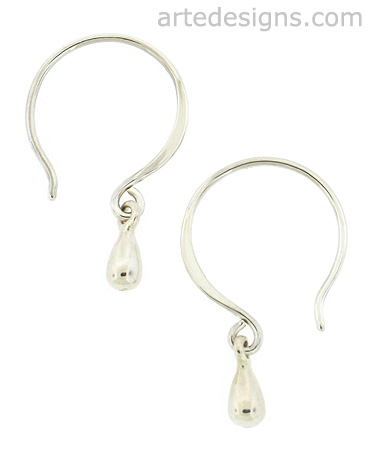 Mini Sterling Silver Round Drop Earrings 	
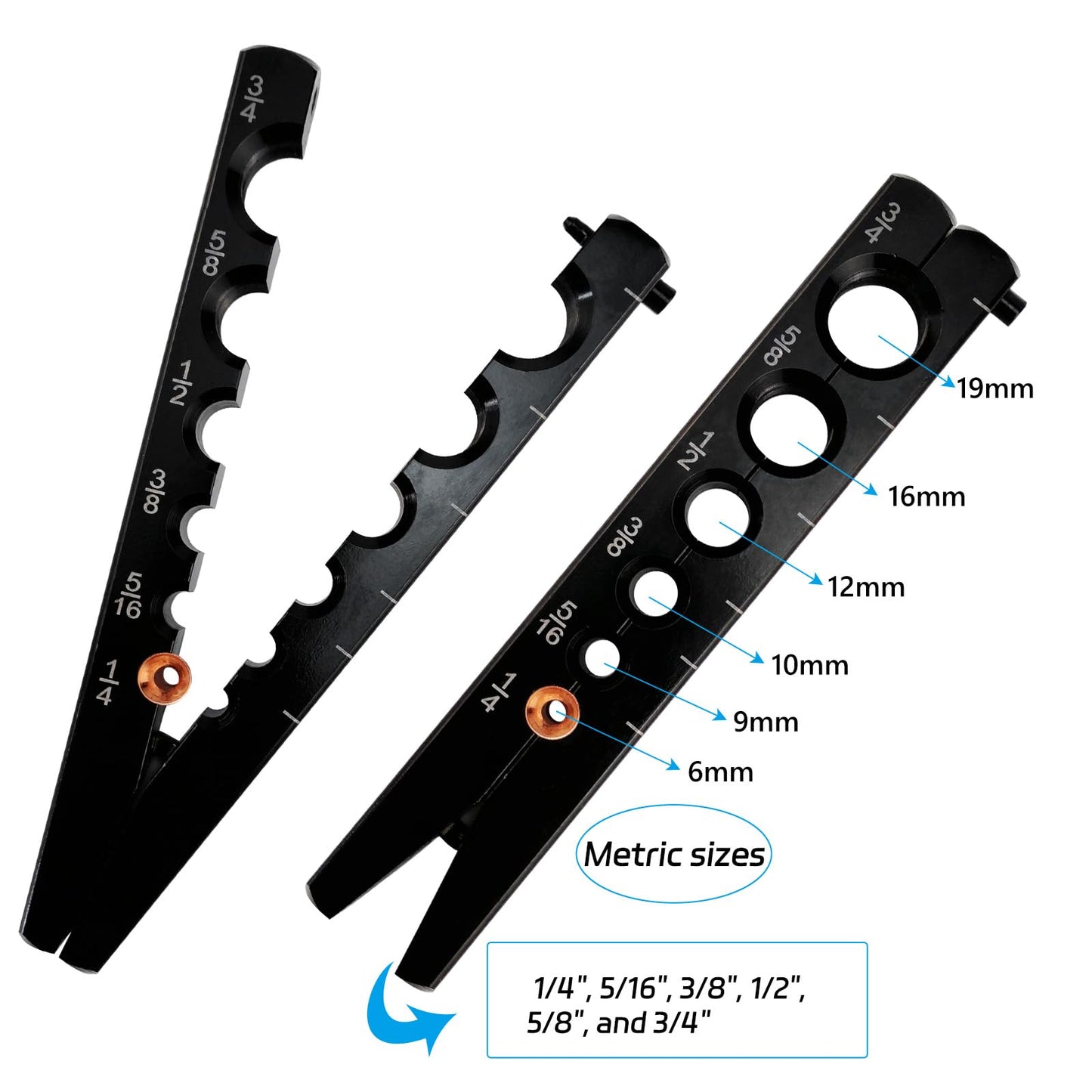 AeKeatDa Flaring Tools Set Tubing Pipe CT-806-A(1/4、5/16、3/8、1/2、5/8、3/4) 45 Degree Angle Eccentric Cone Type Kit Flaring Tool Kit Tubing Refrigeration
--
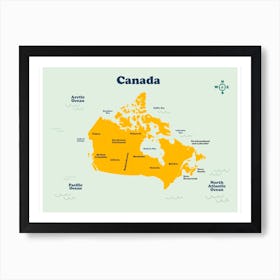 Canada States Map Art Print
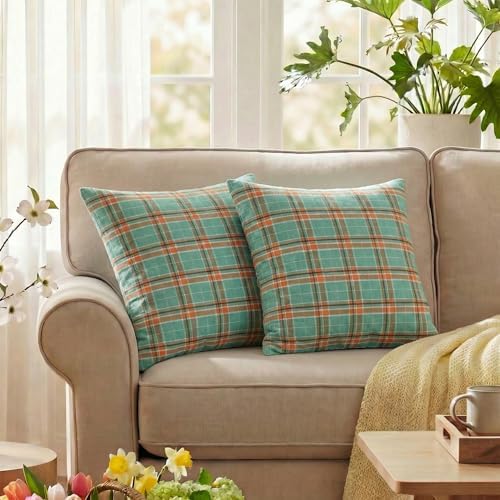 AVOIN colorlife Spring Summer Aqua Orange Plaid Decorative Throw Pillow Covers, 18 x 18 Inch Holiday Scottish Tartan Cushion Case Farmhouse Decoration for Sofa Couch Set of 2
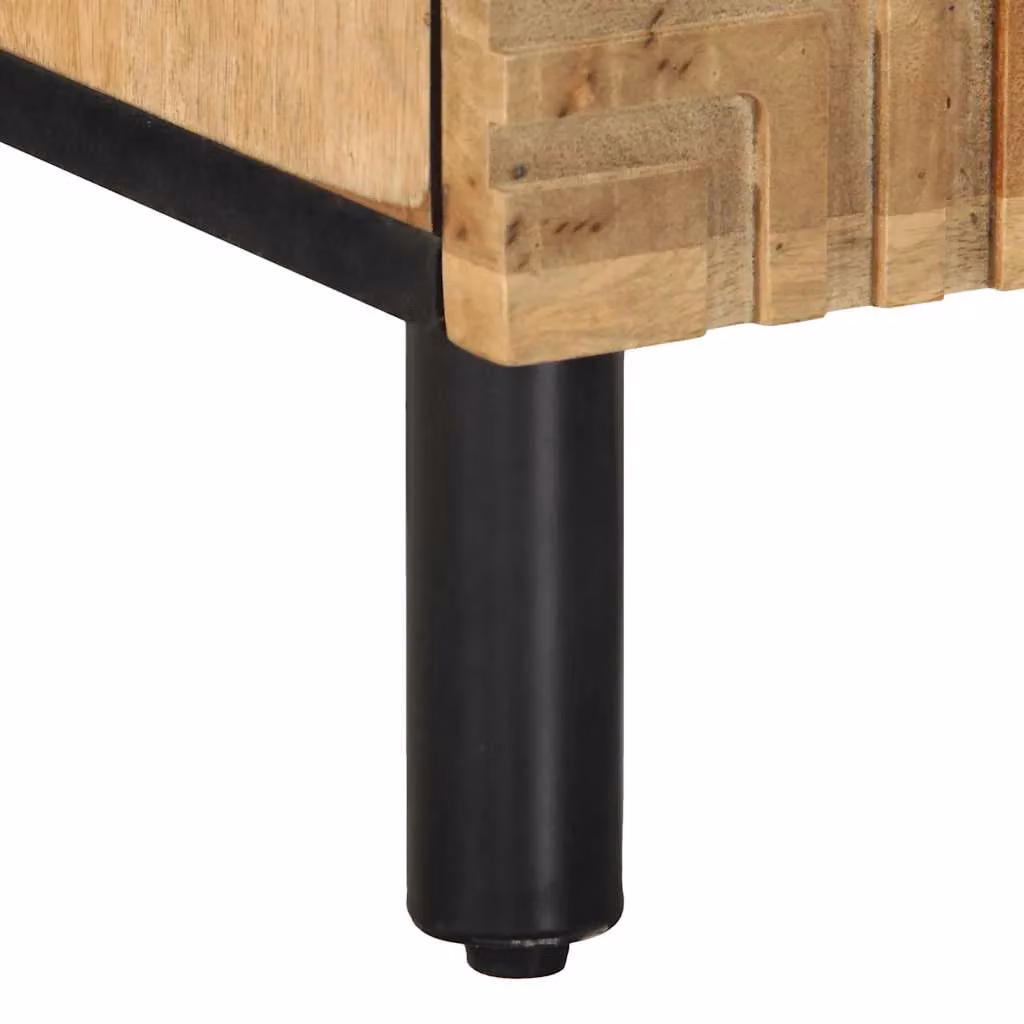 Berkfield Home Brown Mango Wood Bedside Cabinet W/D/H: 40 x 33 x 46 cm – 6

[What you will do]
Copy exactly the part of the material above that opens with the line containing "Mini Sterling Silver Round Drop Earrings" and closes with the line containing "AeKeatDa Flaring Tools", ends included. Drop the images.

[Finished task]
 Mini Sterling Silver Round Drop Earrings 	
 AeKeatDa Flaring Tools Set Tubing Pipe CT-806-A(1/4、5/16、3/8、1/2、5/8、3/4) 45 Degree Angle Eccentric Cone Type Kit Flaring Tool Kit Tubing Refrigeration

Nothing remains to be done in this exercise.